Blair attacks 'conspiracy theorist' critics in US interview
Tony Blair criticised the Iraq Inquiry last night, claiming that it was part of a British obsession with conspiracy, deceit and scandal.
He called for an end to speculation over his motives for taking the country to war in his first interview since his appearance before the inquiry last month.
Yesterday Sir John Chilcot, the inquiry's chairman, ended the first phase of its investigation with a warning that some witnesses could be recalled where there were "gaps" in their evidence or official documents.
Mr Blair betrayed his frustration during a television interview in the United States. Mike Huckabee, a Republican who made a failed attempt to contest the presidency for his party in 2008, asked why there had been four "relentless" inquiries into the Iraq war.
The former Prime Minister smiled ruefully and replied: "I think it's partly because we have this curious habit – I don't think it's confined to Britain actually – where people find it hard to come to the point where they say: 'We disagree – you're a reasonable person, I'm a reasonable person – but we disagree.' There's always got to be a scandal as to why you hold your view. There's got to be some conspiracy behind it – some great deceit that's gone on, and people just find it hard to understand that it's possible for people to have different points of view and hold them reasonably for genuine reasons. So I think there's continual desire to sort of uncover some great conspiracy when actually there's a decision at the heart of it – but there it is."

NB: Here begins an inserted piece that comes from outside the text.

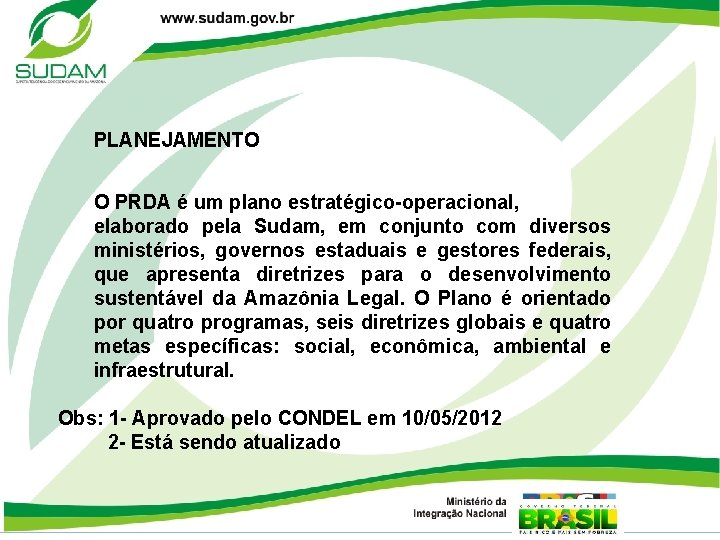 PLANEJAMENTO O PRDA é um plano estratégico-operacional, elaborado pela Sudam, em conjunto com diversos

During his cross-examination at the Chilcot inquiry, Mr Blair defended his decision to back the invasion and denied that the intelligence used to support the war was manipulated. He also faced tough criticism for refusing to express regret for the conflict, in which 179 British soldiers died.

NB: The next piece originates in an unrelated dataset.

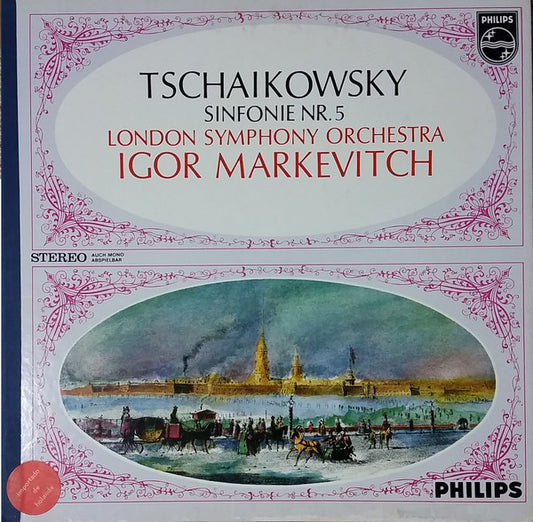 Pyotr Ilyich Tchaikovsky - London Symphony Orchestra, Igor Markevitch : Sinfonie Nr.5 (LP, Album)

It is widely expected that Mr Blair will be among the witnesses who are summoned back before the inquiry. Yesterday, Sir John said his team was receiving new paperwork relating to the war all the time. He said: "Over the next few months we shall examine all the evidence we have received, including those documents.
"That will enable us to see where the evidence joins together and where there are gaps. Only then can we decide the further evidence we need, the issues and points which need to be clarified and the identity of the witnesses we may wish to question in the next round of public hearings in the summer."

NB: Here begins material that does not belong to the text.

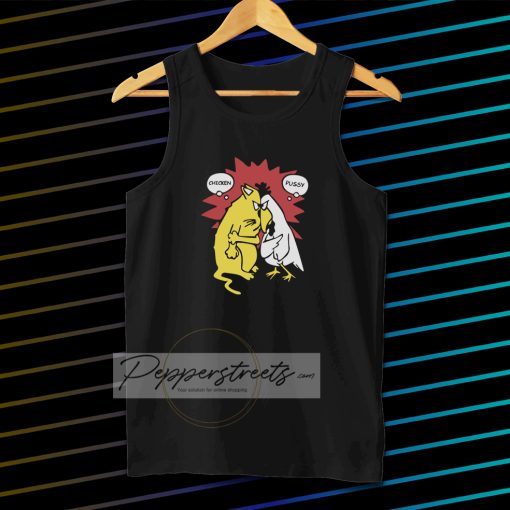 Chicken And Pussy Tanktop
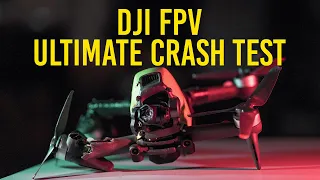 DJI FPV | Ultimate Durability/Crash test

Making his second appearance before the inquiry, Jack Straw, who was Foreign Secretary, denied blocking detailed cabinet discussion on the Attorney General's advice on the legality of military action.
He said: "The Cabinet were fully aware that the arguments were evenly balanced. It was impossible to open a newspaper without being fully aware of the balance of the arguments."
He insisted he had no recollection of the claim by the then International Development Secretary, Clare Short, that she was "jeered" when she tried to question Lord Goldsmith's opinion.
Mr Straw, who is now the Justice Secretary, said it was "simply untrue" to claim that the system of cabinet government had broken down under Mr Blair. He also defended his decision to overrule the advice of the senior Foreign Office legal adviser, Sir Michael Wood, that the use of force would be illegal without a specific mandate from the United Nations.